Building search indexes
Google’s original use of MapReduce was to build indexes for its search engine, which was implemented as a workflow of 5 to 10 MapReduce jobs . Although Google later moved away from using MapReduce for this purpose , it helps to understand MapReduce if you look at it through the lens of building a search index. (Even today, Hadoop MapReduce remains a good way of building indexes for Lucene/Solr .)
We saw briefly in “Full-text search and fuzzy indexes” on page 88 how a full-text search index such as Lucene works: it is a file (the term dictionary) in which you can efficiently look up a particular keyword and find the list of all the document IDs containing that keyword (the postings list). This is a very simplified view of a search index—in reality it requires various additional data, in order to rank search results by relevance, correct misspellings, resolve synonyms, and so on—but the principle holds.
If you need to perform a full-text search over a fixed set of documents, then a batch process is a very effective way of building the indexes: the mappers partition the set of documents as needed, each reducer builds the index for its partition, and the index files are written to the distributed filesystem. Building such document-partitioned indexes (see “Partitioning and Secondary Indexes” on page 206) parallelizes very well.

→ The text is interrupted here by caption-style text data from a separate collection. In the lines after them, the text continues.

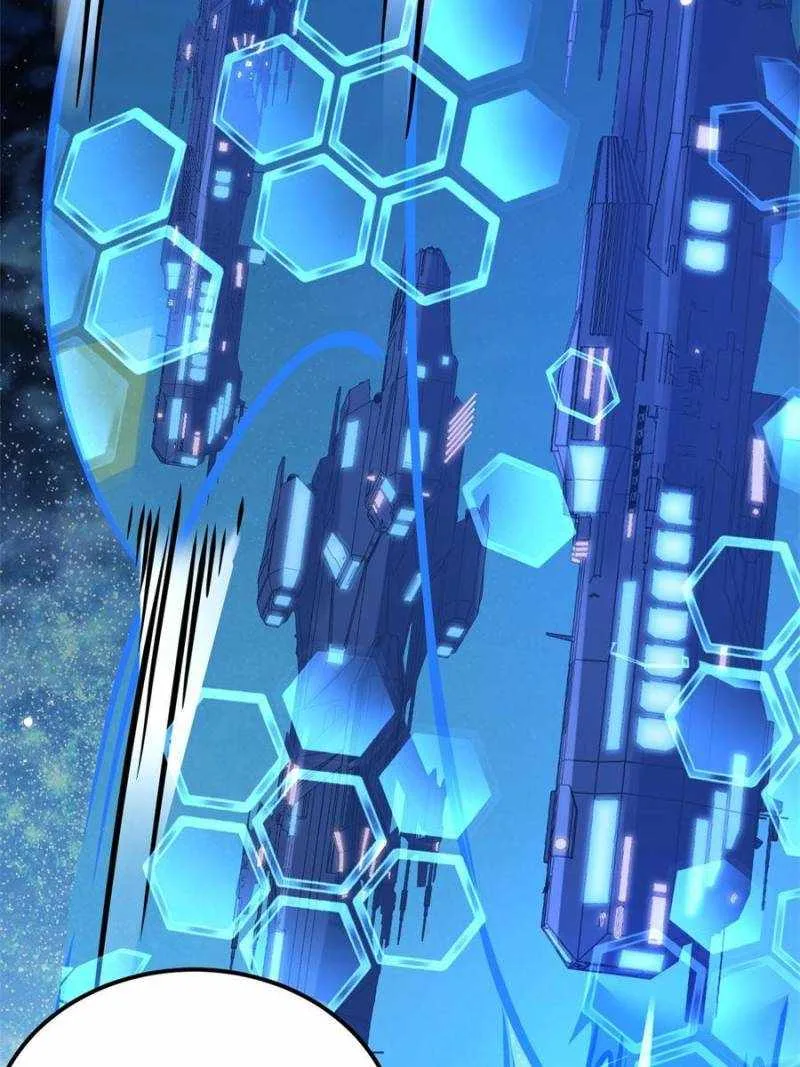 My battleship can be upgraded Chapter 74 page 71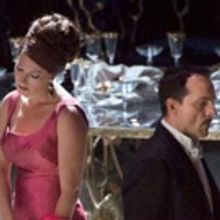Works & Process at the Guggenheim Presents The Metropolitan Opera's 'The…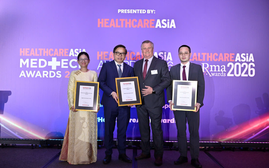 Vinmec thắng lớn tại Healthcare Asia Awards 2026, khẳng định vị thế y tế Việt trên bản đồ khu vực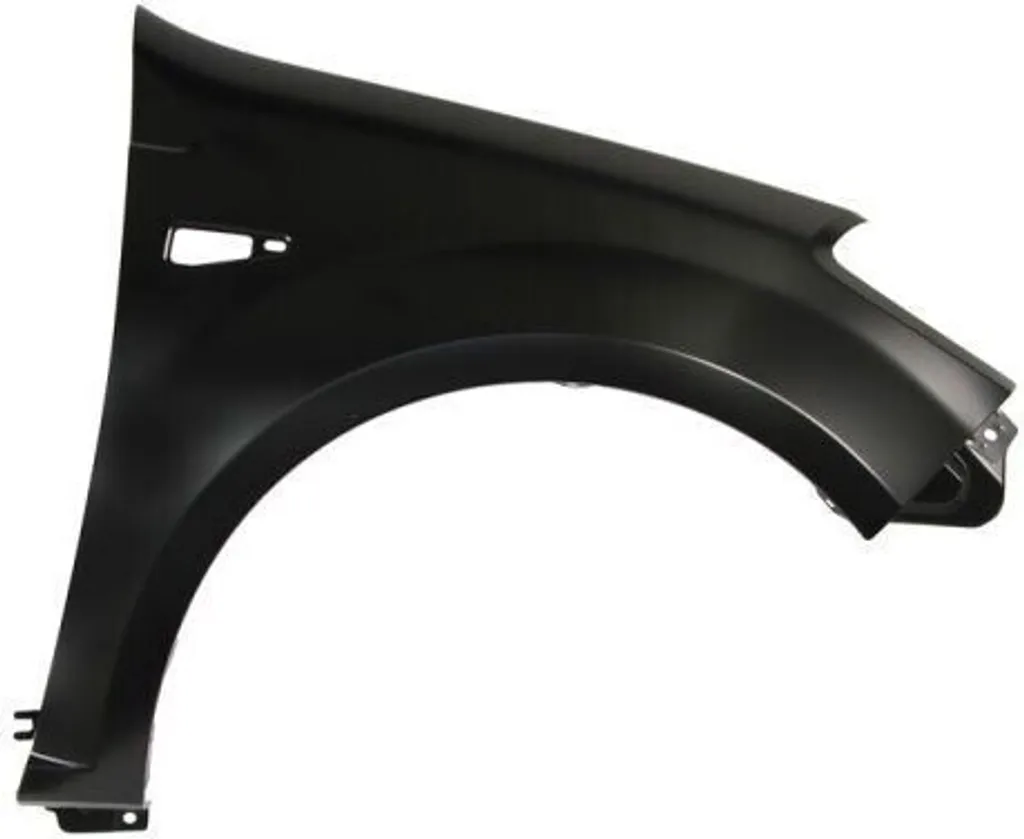 Aile de carrosserie avant droite pour Sandero - Référence 6001551026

Since querying a search index by keyword is a read-only operation, these index files are immutable once they have been created.
If the indexed set of documents changes, one option is to periodically rerun the entire indexing workflow for the entire set of documents, and replace the previous index files wholesale with the new index files when it is done. This approach can be computationally expensive if only a small number of documents have changed, but it has the advantage that the indexing process is very easy to reason about: documents in, indexes out.
Alternatively, it is possible to build indexes incrementally. As discussed in Chapter 3, if you want to add, remove, or update documents in an index, Lucene writes out new segment files and asynchronously merges and compacts segment files in the background. We will see more on such incremental processing in Chapter 11.